Some of the prefects in the audience moaned; most, however, realized that what was being said at the head table was not according to plan. That Ansset was doing what no one dared to do-reminding the emperor of something the emperor did not want to know. They kept their silence.

Contracts can be renewed, Riktors said, trying to sound jovial and hoping to be able to change the subject immediately. He did not know how to react to Ansset's insistence. Why was the boy pushing the matter?

Whatever the reason, he was still determined to push.

Not mine, said Ansset. In two months I get to go home.

And now everyone in the hall was silent. Riktors sat still, but his hands trembled on the edge of the table. For a moment he refused to understand what Ansset was saying; but Riktors did not become emperor by indulging his need to lie to himself. Go home, the boy had said. His choice of words had to be deliberate-in public Ansset had no inadvertent words. Get to go home, not have to go home, he had said. And suddenly the last few years were all undone; Riktors felt them unwinding inside him, unraveling, all the fabric turning into meaningless threads that he could not put together however much he tried.

There were countless days of conversation, the songs Ansset had sung to him, walks along the river. They had romped together like brothers, Riktors forgetting all his dignity, and Ansset forgetting-or so Riktors had believed-all the enmity of the past.

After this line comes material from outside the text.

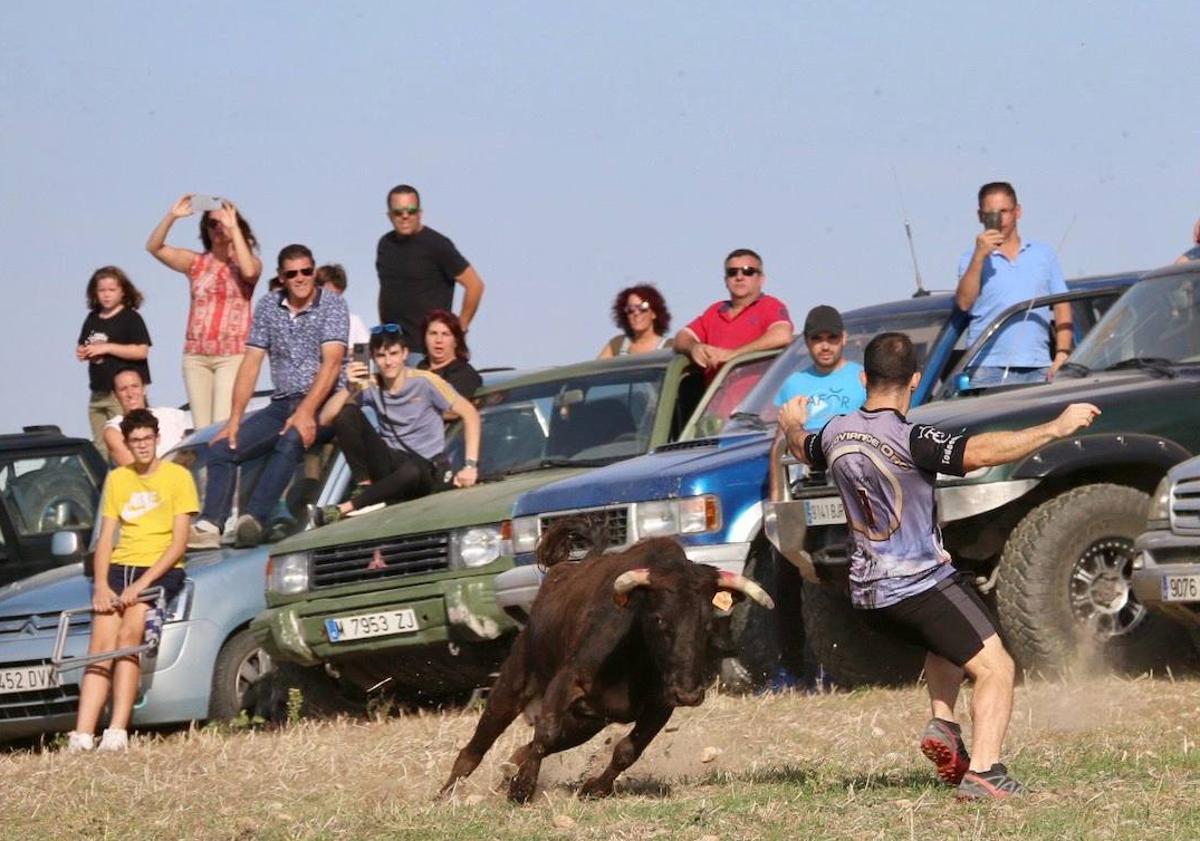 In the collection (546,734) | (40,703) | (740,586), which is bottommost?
(40,703)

Do you love me? Riktors had once asked, opening Himself as, with any other person, he could not have afforded to open himself. And Ansset had sung to him of love. Riktors had taken this to mean yes.

And all the time Ansset was marking time, watching for his fifteenth birthday, for the expiration of his contract, for home.

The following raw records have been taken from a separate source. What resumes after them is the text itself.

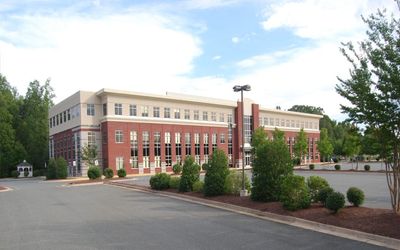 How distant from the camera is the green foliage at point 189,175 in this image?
23.8 m

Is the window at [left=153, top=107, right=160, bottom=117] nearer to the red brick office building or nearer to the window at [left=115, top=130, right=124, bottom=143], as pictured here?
the red brick office building

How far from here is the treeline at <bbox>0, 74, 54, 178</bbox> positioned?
3253 inches

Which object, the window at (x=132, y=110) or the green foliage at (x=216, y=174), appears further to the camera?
the window at (x=132, y=110)

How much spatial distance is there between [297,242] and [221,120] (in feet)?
226

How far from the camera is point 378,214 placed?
469 inches

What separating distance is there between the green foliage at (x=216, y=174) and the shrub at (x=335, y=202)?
317 inches

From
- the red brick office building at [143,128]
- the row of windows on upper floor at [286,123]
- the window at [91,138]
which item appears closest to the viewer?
the red brick office building at [143,128]

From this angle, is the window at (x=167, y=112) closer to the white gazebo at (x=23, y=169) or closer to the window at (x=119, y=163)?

I should have known better, Riktors told himself bitterly. I should have realized that the boy was Mikal's, would always be Mikal's, would never be mine. He did not forgive, as I thought he had.

Riktors imagined Ansset returning to the Songhouse on Tew; he pictured him embracing Esste, the hard woman who only looked soft when she looked at the Songbird. Riktors pictured her asking, How was it, living with the killer? And he pictured Ansset weeping; no, never weeping, not Ansset. He would remain calm, merely sing to her of the humiliation of singing for Riktors Ashen, emperor, assassin, and pathetic lover of Ansset's songs. Riktors imagined Ansset and Esste laughing together as they talked of the moment when Riktors, weary of the weight of the empire in his mind, had come to Ansset in the night for the healing of his hands, and had wept before the boy sang a note. A weakling, that's what I've been, in front of a boy who never shows an unwitting emotion; he has seen me unprotected, and instead of loving me he has felt only contempt.

It was just a moment that Riktors sat there silently, but in his mind he progressed from surprise to hurt to humiliation and, at last, to fury. He rose to his feet, and there was no hiding the anger on his face. The prefects were alarmed-it is not wise to witness the embarrassment of powerful men, they all knew, and no one was so powerful as Riktors Mikal.